(Saved entries)
⁂

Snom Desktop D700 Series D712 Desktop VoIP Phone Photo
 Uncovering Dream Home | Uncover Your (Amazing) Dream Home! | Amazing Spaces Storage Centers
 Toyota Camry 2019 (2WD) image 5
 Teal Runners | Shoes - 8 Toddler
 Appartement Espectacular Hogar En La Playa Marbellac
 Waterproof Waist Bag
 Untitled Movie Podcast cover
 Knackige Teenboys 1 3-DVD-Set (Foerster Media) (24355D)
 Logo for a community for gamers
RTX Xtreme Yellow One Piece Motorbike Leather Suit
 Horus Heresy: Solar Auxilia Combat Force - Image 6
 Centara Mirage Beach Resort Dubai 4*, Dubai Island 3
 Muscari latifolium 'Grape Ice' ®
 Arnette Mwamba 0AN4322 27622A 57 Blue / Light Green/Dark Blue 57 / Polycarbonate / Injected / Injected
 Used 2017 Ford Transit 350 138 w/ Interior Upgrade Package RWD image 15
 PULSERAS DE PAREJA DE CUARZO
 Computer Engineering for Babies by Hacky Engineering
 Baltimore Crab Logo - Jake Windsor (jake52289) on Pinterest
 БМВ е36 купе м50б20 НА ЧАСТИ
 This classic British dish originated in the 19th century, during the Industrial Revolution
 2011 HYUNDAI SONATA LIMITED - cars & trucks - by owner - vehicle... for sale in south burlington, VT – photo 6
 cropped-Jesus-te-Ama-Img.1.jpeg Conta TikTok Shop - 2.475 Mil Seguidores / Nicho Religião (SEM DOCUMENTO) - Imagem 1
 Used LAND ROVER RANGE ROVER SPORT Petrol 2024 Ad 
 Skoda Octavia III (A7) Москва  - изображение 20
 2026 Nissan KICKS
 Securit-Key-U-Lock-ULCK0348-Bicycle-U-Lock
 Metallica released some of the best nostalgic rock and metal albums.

⁂

## WHAT YOU ARE ASKED TO DO
The required output is the complete set of records, reproduced exactly.

## EXPECTED ANSWER
Snom Desktop D700 Series D712 Desktop VoIP Phone Photo
 Uncovering Dream Home | Uncover Your (Amazing) Dream Home! | Amazing Spaces Storage Centers
 Toyota Camry 2019 (2WD) image 5
 Teal Runners | Shoes - 8 Toddler
 Appartement Espectacular Hogar En La Playa Marbellac
 Waterproof Waist Bag
 Untitled Movie Podcast cover
 Knackige Teenboys 1 3-DVD-Set (Foerster Media) (24355D)
 Logo for a community for gamers
RTX Xtreme Yellow One Piece Motorbike Leather Suit
 Horus Heresy: Solar Auxilia Combat Force - Image 6
 Centara Mirage Beach Resort Dubai 4*, Dubai Island 3
 Muscari latifolium 'Grape Ice' ®
 Arnette Mwamba 0AN4322 27622A 57 Blue / Light Green/Dark Blue 57 / Polycarbonate / Injected / Injected
 Used 2017 Ford Transit 350 138 w/ Interior Upgrade Package RWD image 15
 PULSERAS DE PAREJA DE CUARZO
 Computer Engineering for Babies by Hacky Engineering
 Baltimore Crab Logo - Jake Windsor (jake52289) on Pinterest
 БМВ е36 купе м50б20 НА ЧАСТИ
 This classic British dish originated in the 19th century, during the Industrial Revolution
 2011 HYUNDAI SONATA LIMITED - cars & trucks - by owner - vehicle... for sale in south burlington, VT – photo 6
 cropped-Jesus-te-Ama-Img.1.jpeg Conta TikTok Shop - 2.475 Mil Seguidores / Nicho Religião (SEM DOCUMENTO) - Imagem 1
 Used LAND ROVER RANGE ROVER SPORT Petrol 2024 Ad 
 Skoda Octavia III (A7) Москва  - изображение 20
 2026 Nissan KICKS
 Securit-Key-U-Lock-ULCK0348-Bicycle-U-Lock
 Metallica released some of the best nostalgic rock and metal albums.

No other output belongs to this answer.